I have a data frame like so:
Input:
year ip type
2020 101 Missing
2021 101 Type 1
2022 101 Type 2
2020 102 Missing
2021 102 Missing
2020 103 Missing
2021 103 Type 2
2021 104 Type 1
2022 104 Type 2
2022 104 Type 2
How can I convert my data frame to the following:
Expected Output:
ip type
101 Missing/Type 1/Type 2
102 Missing
103 Missing/Type 2
104 Type 1/Type 2
I have the following solution, but it's not completely correct/what i want.
out = df.drop_duplicates(['ip','type']).groupby('ip')['type'].agg('/'.join).reset_index()
Out[638]:
ip type
0 101 Missing/Type1/Type2
1 102 Missing
2 103 Missing/Type2
3 104 Type1/Type2
For example the only accepted values for type i want are:
- Missing
- Type 1
- Type 2
- Missing/Type 1/Type 2
- Missing/Type 1
- Missing/Type 2
- Type 1/Type 2
With this solution, some instances will have Type 1/Missing or Type 2/Type 1 which I do not want. I would want to alter Type 1/Missing to Missing/Type 1 and alter Type 2/Type 1 to Type 1/Type 2.

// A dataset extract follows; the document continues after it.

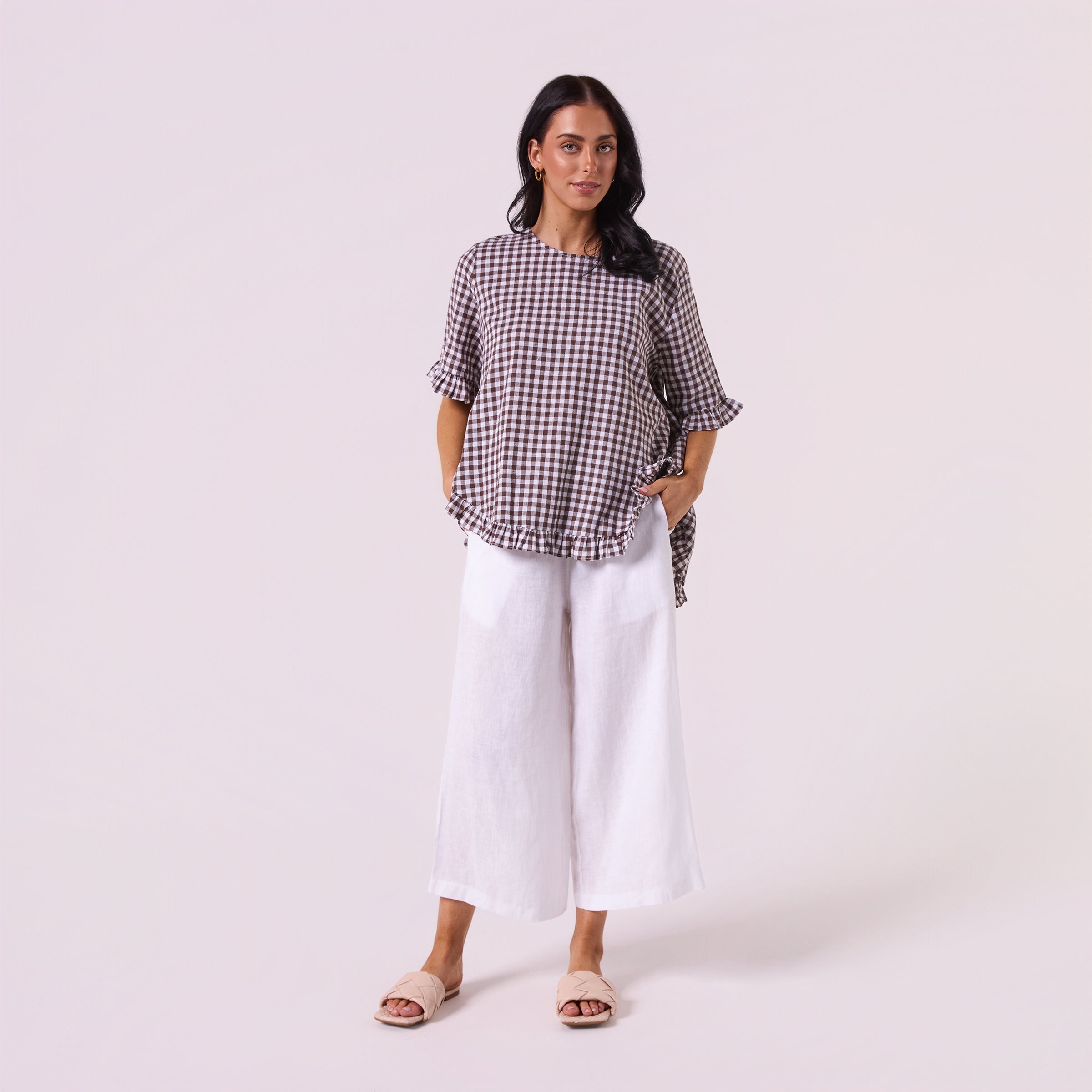 AM02497 TINY CHECK & SIDE POCKET TOP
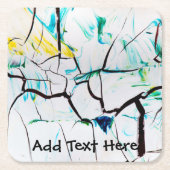 Abstracte racks in groen, geel en blauw kartonnen onderzetters (Voorkant)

I hope this makes sense. I can clarify if not.
CodePudding user response:
We can do pd.Categorical
and get the dataframe sort, notice here I am using the unique
with agg
order = pd.Categorical(df.type,['Missing','Type1','Type2']).argsort()
out = df.iloc[order].groupby('ip',as_index=False)[['type']].agg(lambda x : '/'.join(x.unique()))
out
Out[563]:
ip type
0 101 Missing/Type1/Type2
1 102 Missing
2 103 Missing/Type2
3 104 Type1/Type2
CodePudding user response:
You can use value_counts to determine the unique value pairs. Then sort those into ip-type order. Leverages the fact that the type order you want happens to be in alpha order.
Extended DF that introduces out-of-order entries:
year ip type
0 2020 101 Missing
1 2021 101 Type 1
2 2022 101 Type 2
3 2020 102 Missing
4 2021 102 Missing
5 2020 103 Missing
6 2021 103 Type 2
7 2021 104 Type 1
8 2022 104 Type 2
9 2022 104 Type 2
10 2021 105 Type 2
11 2022 105 Type 1
12 2022 105 Missing
13 2021 106 Type 2
14 2022 106 Type 1
df[['ip','type']].value_counts().sort_index().reset_index()[['ip','type']] \
.groupby('ip').agg('/'.join).reset_index()
ip type
0 101 Missing/Type 1/Type 2
1 102 Missing
2 103 Missing/Type 2
3 104 Type 1/Type 2
4 105 Missing/Type 1/Type 2
5 106 Type 1/Type 2
This should handle any order of ip-type combinations.